TASK: The stretch wanted below opens at the line containing "Hey guys, welcome" and closes at the line containing "For LEO, argument". Please return it exactly, with no other lines.
═══ SUPPLIED DATA ═══
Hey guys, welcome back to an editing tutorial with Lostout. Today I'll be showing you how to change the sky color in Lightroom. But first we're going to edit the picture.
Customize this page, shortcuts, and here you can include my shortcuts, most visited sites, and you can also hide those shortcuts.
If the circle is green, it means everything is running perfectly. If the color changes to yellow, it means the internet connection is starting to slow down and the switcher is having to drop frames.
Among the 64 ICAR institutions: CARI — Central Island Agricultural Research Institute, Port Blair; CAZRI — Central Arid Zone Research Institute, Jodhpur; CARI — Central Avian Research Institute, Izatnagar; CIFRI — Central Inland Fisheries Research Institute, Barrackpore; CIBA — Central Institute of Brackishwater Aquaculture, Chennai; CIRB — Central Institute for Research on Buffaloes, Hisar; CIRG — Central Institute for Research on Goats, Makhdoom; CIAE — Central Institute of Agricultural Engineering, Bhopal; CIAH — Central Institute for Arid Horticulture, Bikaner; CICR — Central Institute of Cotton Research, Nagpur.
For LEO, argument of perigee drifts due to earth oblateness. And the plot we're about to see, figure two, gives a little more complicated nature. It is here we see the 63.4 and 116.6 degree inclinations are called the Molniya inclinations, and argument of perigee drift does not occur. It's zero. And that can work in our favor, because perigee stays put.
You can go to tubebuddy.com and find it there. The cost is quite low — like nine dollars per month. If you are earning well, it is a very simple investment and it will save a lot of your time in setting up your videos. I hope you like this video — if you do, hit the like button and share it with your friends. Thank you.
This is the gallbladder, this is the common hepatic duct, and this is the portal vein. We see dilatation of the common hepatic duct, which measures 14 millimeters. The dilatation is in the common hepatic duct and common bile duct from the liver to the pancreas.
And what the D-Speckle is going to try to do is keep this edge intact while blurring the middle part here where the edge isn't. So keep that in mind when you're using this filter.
═══
═══ SUPPLIED DATA ═══
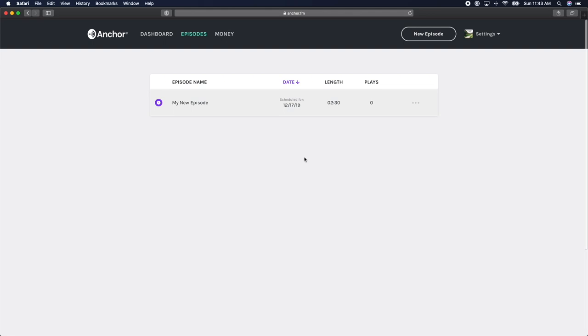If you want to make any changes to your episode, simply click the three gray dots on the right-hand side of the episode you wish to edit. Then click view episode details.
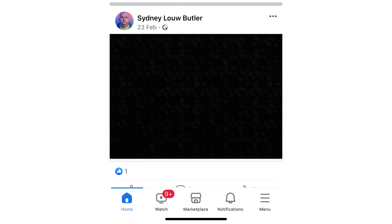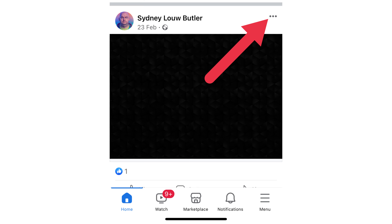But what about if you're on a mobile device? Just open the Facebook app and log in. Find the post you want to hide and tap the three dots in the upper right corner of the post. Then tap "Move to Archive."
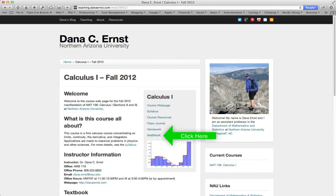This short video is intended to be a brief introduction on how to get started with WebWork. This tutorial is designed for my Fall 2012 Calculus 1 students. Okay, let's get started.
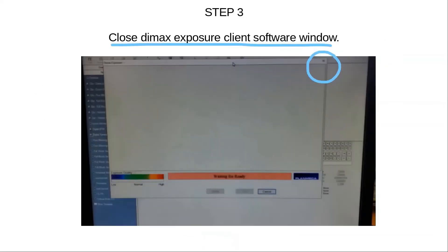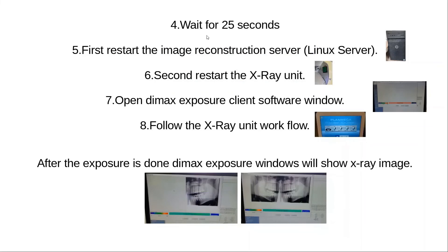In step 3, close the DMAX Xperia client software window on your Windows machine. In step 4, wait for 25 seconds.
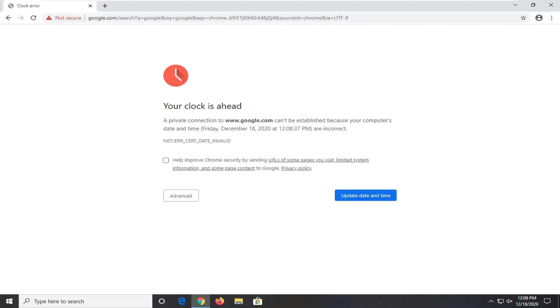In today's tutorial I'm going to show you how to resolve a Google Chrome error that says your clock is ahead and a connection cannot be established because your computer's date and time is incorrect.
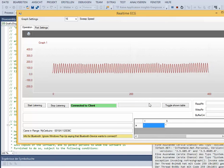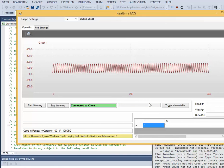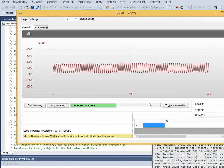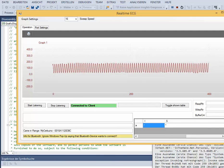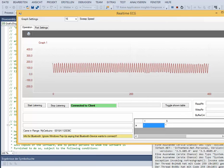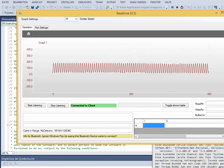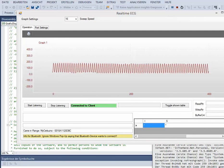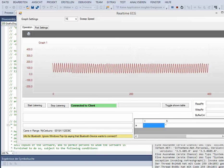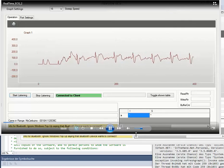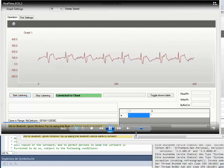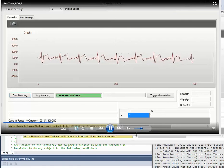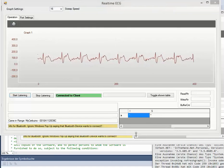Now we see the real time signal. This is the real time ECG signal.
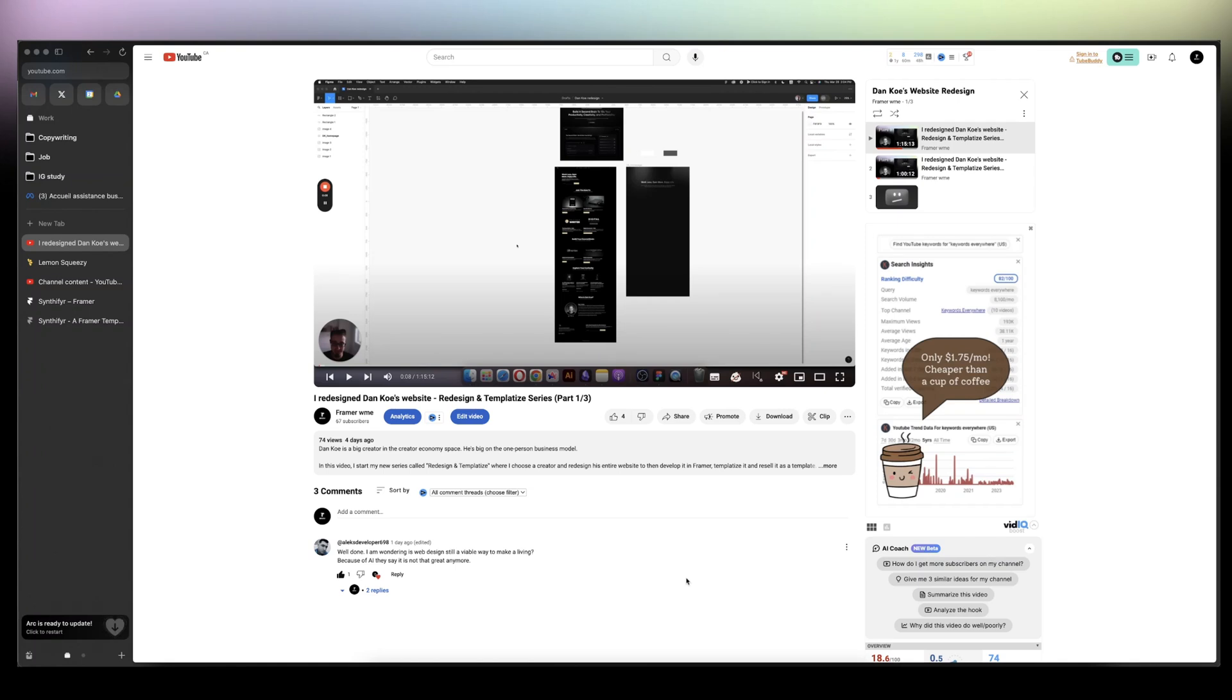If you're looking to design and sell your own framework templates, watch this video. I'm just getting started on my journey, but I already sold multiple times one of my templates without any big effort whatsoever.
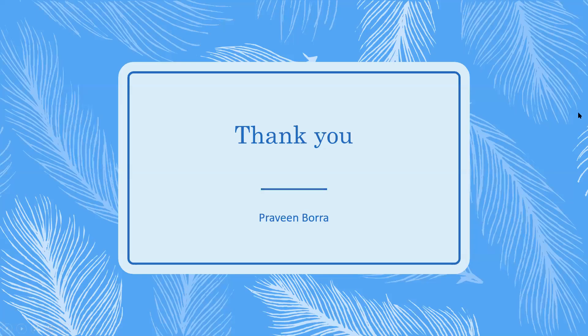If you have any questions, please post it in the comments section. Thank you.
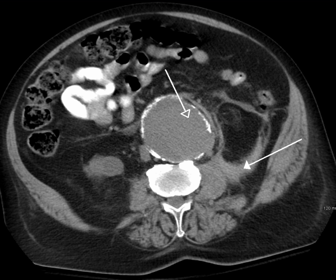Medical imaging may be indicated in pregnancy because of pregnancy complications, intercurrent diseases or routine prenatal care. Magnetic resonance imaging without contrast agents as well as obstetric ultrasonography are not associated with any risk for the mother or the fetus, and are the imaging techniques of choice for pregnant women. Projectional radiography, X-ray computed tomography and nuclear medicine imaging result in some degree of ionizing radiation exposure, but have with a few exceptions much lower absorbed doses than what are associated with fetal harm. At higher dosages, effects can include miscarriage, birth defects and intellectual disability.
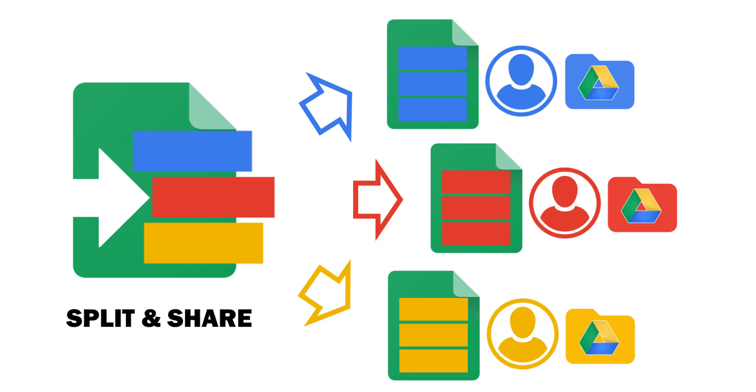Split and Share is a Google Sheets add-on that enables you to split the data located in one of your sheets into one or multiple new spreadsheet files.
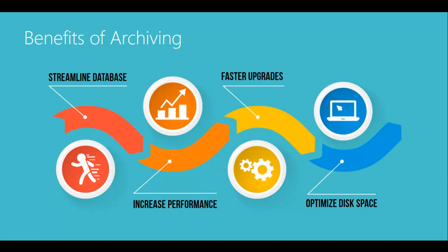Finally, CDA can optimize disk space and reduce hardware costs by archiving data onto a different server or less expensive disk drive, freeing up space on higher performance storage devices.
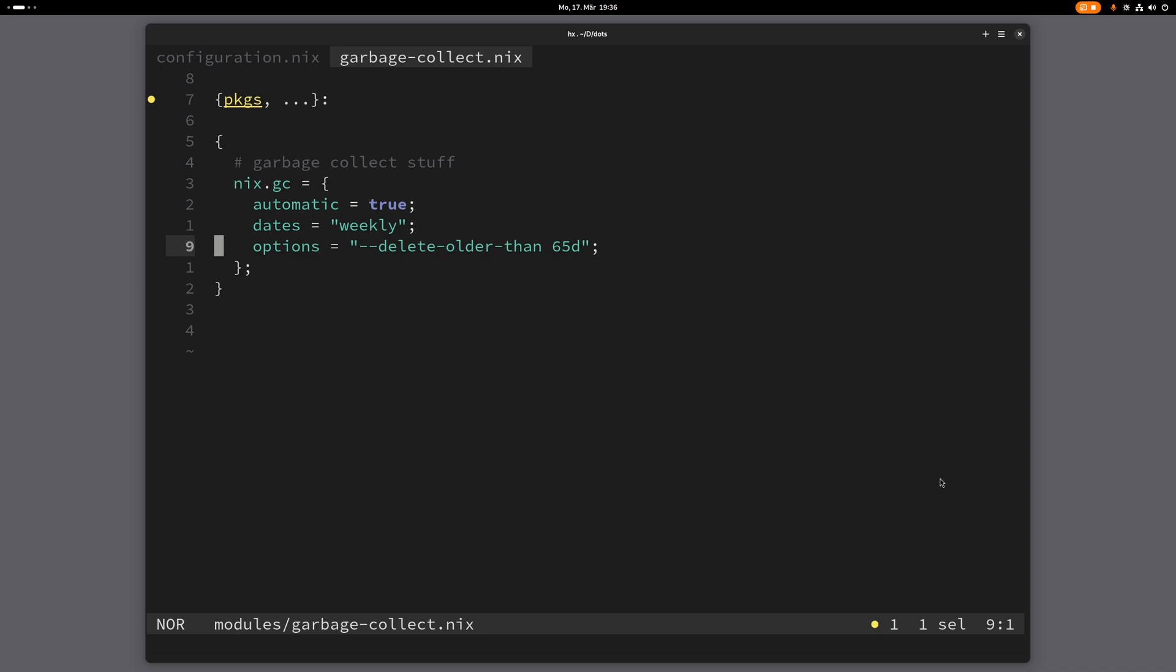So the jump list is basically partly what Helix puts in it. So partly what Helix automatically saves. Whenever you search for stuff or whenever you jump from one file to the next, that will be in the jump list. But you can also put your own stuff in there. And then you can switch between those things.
═══
FINISHED TASK:
Hey guys, welcome back to an editing tutorial with Lostout. Today I'll be showing you how to change the sky color in Lightroom. But first we're going to edit the picture.
Customize this page, shortcuts, and here you can include my shortcuts, most visited sites, and you can also hide those shortcuts.
If the circle is green, it means everything is running perfectly. If the color changes to yellow, it means the internet connection is starting to slow down and the switcher is having to drop frames.
Among the 64 ICAR institutions: CARI — Central Island Agricultural Research Institute, Port Blair; CAZRI — Central Arid Zone Research Institute, Jodhpur; CARI — Central Avian Research Institute, Izatnagar; CIFRI — Central Inland Fisheries Research Institute, Barrackpore; CIBA — Central Institute of Brackishwater Aquaculture, Chennai; CIRB — Central Institute for Research on Buffaloes, Hisar; CIRG — Central Institute for Research on Goats, Makhdoom; CIAE — Central Institute of Agricultural Engineering, Bhopal; CIAH — Central Institute for Arid Horticulture, Bikaner; CICR — Central Institute of Cotton Research, Nagpur.
For LEO, argument of perigee drifts due to earth oblateness. And the plot we're about to see, figure two, gives a little more complicated nature. It is here we see the 63.4 and 116.6 degree inclinations are called the Molniya inclinations, and argument of perigee drift does not occur. It's zero. And that can work in our favor, because perigee stays put.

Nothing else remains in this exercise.